WHAT YOU NEED TO DO
Quote exactly, and only, the lines of the material below from the line with "Little Miss Kindergarten" through the line with "Eonon E46X7A Für".

***** GIVEN RECORDS *****

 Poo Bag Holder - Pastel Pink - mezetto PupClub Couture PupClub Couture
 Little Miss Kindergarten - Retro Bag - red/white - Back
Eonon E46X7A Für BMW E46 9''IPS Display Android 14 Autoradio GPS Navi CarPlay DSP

*****
***** GIVEN RECORDS *****

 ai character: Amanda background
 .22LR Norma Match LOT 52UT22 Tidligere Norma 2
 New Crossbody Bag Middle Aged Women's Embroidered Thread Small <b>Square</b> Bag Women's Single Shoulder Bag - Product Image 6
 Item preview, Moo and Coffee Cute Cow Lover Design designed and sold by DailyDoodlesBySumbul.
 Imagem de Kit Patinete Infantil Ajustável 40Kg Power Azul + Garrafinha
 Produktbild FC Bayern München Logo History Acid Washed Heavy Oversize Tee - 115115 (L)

*****

YOUR SOLUTION
 Little Miss Kindergarten - Retro Bag - red/white - Back
Eonon E46X7A Für BMW E46 9''IPS Display Android 14 Autoradio GPS Navi CarPlay DSP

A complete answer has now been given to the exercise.